Beijing funds a "secret network of candidates" in the Canadian elections, and Trudeau warns

11/8/2022 3:06:23 PM
 Canadian prime minister Justine Trudeau.
 photo: KurdSat English
Beijing said China "has no interest" in interfering in Canadian internal affairs.

Canadian Prime Minister Justin Trudeau warned Monday that China is playing "hostile games" with Canadian democracy and institutions after a media report revealed foreign interference in Canada's electoral process.

Trudeau's comments came after a report by the "Global News" about Beijing funding a "secret network" of candidates in Canada's recent elections and days after the authorities opened an investigation into illegal Chinese "police stations" in the Toronto area to track Chinese dissidents and opponents.

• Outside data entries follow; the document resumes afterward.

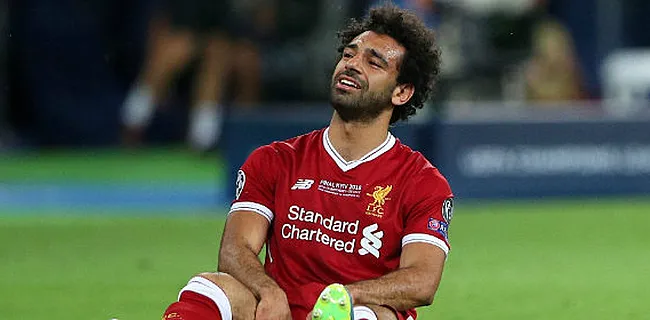 'FC Barcelona kan Salah voor 'spotprijsje' ophalen'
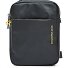 Eco Coated Shoulder bag 15 cm Variant black  Eco Coated Shoulder bag 15 cm Variant black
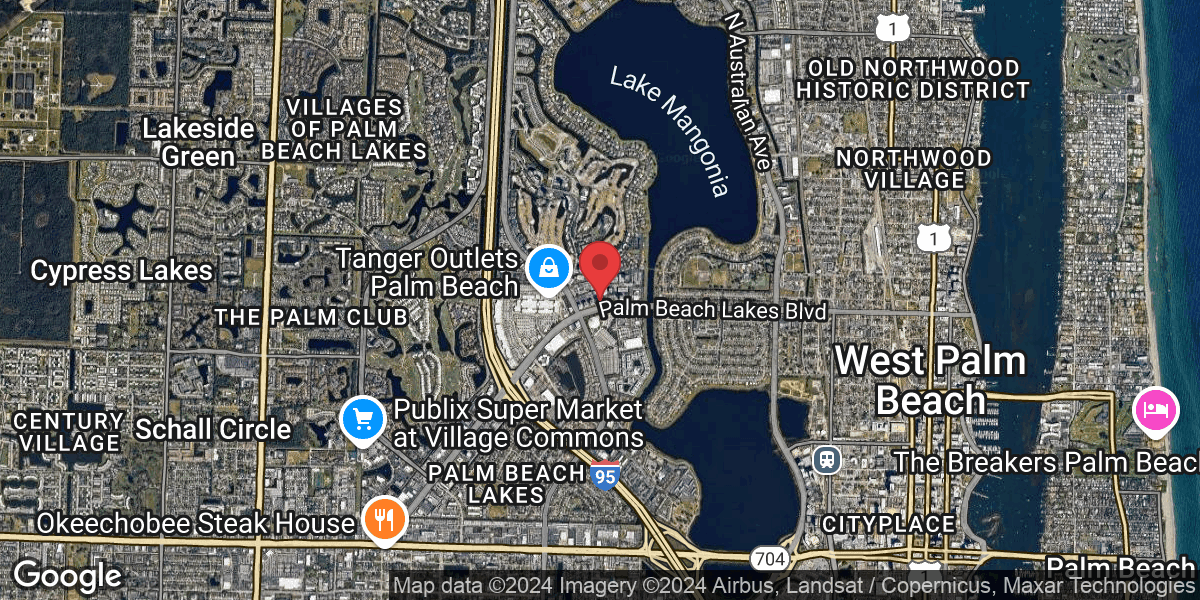 1645 Palm Beach Lakes Blvd Ste 1200, West Palm Beach, FL 33401, USA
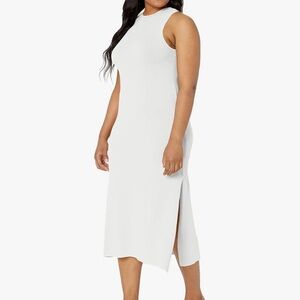 Gabriella Hi-Neck Dress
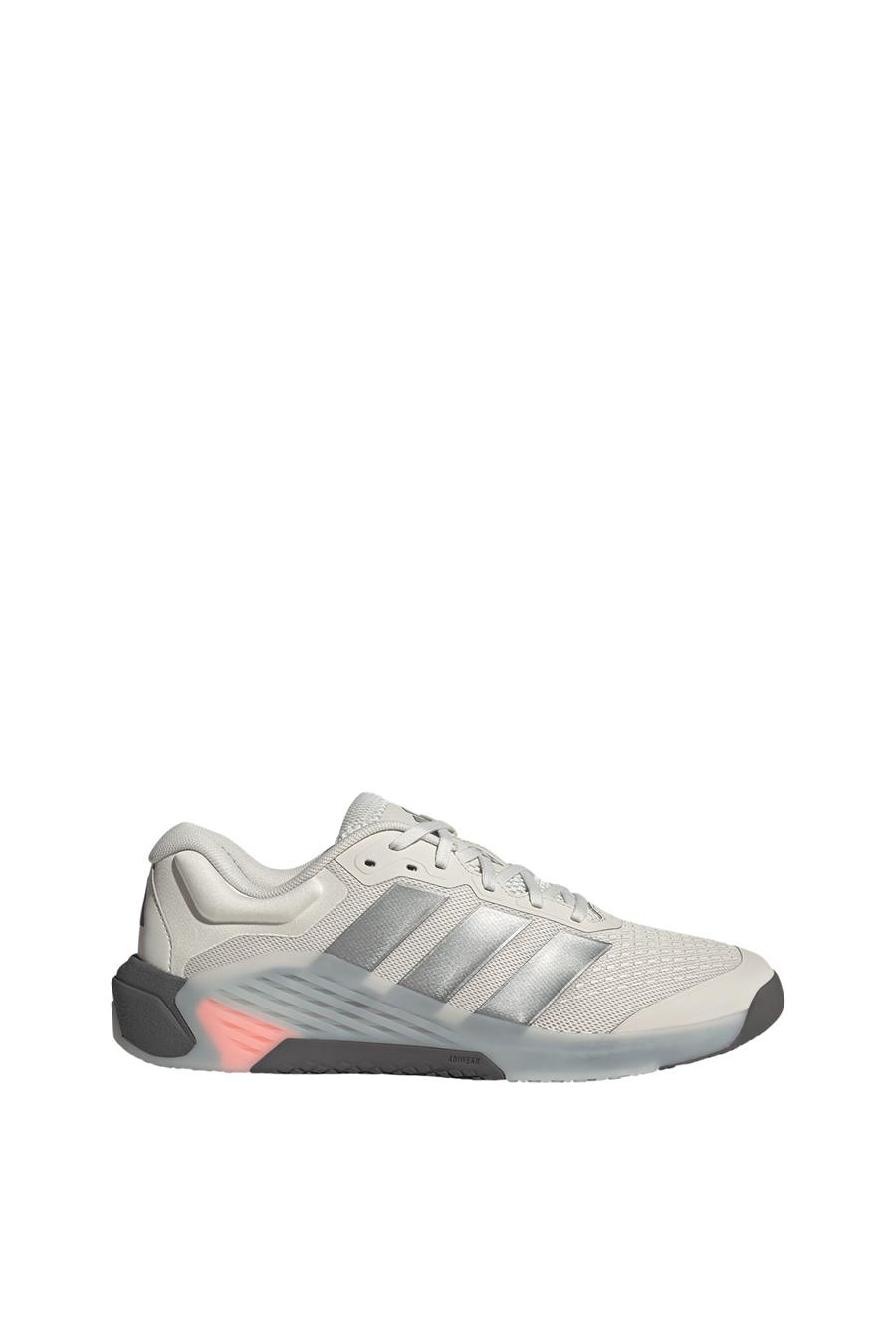 adidas Erkek  Gri  Yürüyüş Ayakkabısı DROPSET 4 TRAINER M JR4678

Canadian Security Intelligence Service (CSIS) believes the Chinese Consulate in Toronto was behind a large financial transaction to at least 11 federal election candidates and Chinese government-affiliated operatives who worked as campaign staffers – C$250,000 (US$185,000) was allegedly transferred through a provincial Ontario lawmaker, and the staffers to a federal election candidate.

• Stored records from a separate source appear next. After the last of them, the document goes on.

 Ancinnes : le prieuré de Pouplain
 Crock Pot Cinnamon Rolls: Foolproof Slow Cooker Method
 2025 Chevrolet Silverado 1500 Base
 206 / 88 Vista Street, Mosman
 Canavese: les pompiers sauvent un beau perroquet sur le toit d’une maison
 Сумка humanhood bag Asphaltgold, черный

"We have taken significant measures to strengthen the integrity of our electoral processes and systems, and we will continue to make efforts to combat election interference and foreign interference in our democracies and institutions," Trudeau told reporters.

"Unfortunately, we see countries and international players from all over the world, whether China or others, continue to play hostile games with our institutions and democracies," he added. His comments followed the federal police force statement about the active investigation of a secret network of illegal Chinese "police stations" in Toronto.

Citing unnamed sources, Global News reported that Canadian intelligence services told Trudeau's government that China is seeking to influence or sabotage the country's democratic process.

The media report claimed that Beijing transferred money through an Ontario representative and others to at least 11 candidates and Chinese agents who worked as activists in their election campaigns. It added that Beijing has sought to appoint agents in the offices of members of parliament as well as other places to influence policies.

Last month, the Royal Canadian Mounted Police announced that it was looking into reports of "criminal activity related to so-called police stations." According to the Spain-based rights group Safeguard Defenders, Chinese police have used these police stations to carry out operations on foreign soil and pressure Chinese nationals to return to China to face criminal charges.

China has denied accusations of illegal activities by these centers, saying that these sites provide services such as renewing driving licenses for Chinese citizens abroad. Foreign Ministry spokesman Zhao Lijian told a regular press conference Tuesday that China "has no interest" in interfering in Canada's internal affairs.

"Relations between countries can only be based on mutual respect, equality and mutual benefit," he said. "Sino-Canadian relations are no exception. Canada should stop making statements that harm Sino-Canadian relations," he added.

As a popular system, democracies are vulnerable to outside intervention as opposed to a non-democratic system where the circle of ruling excludes the masses.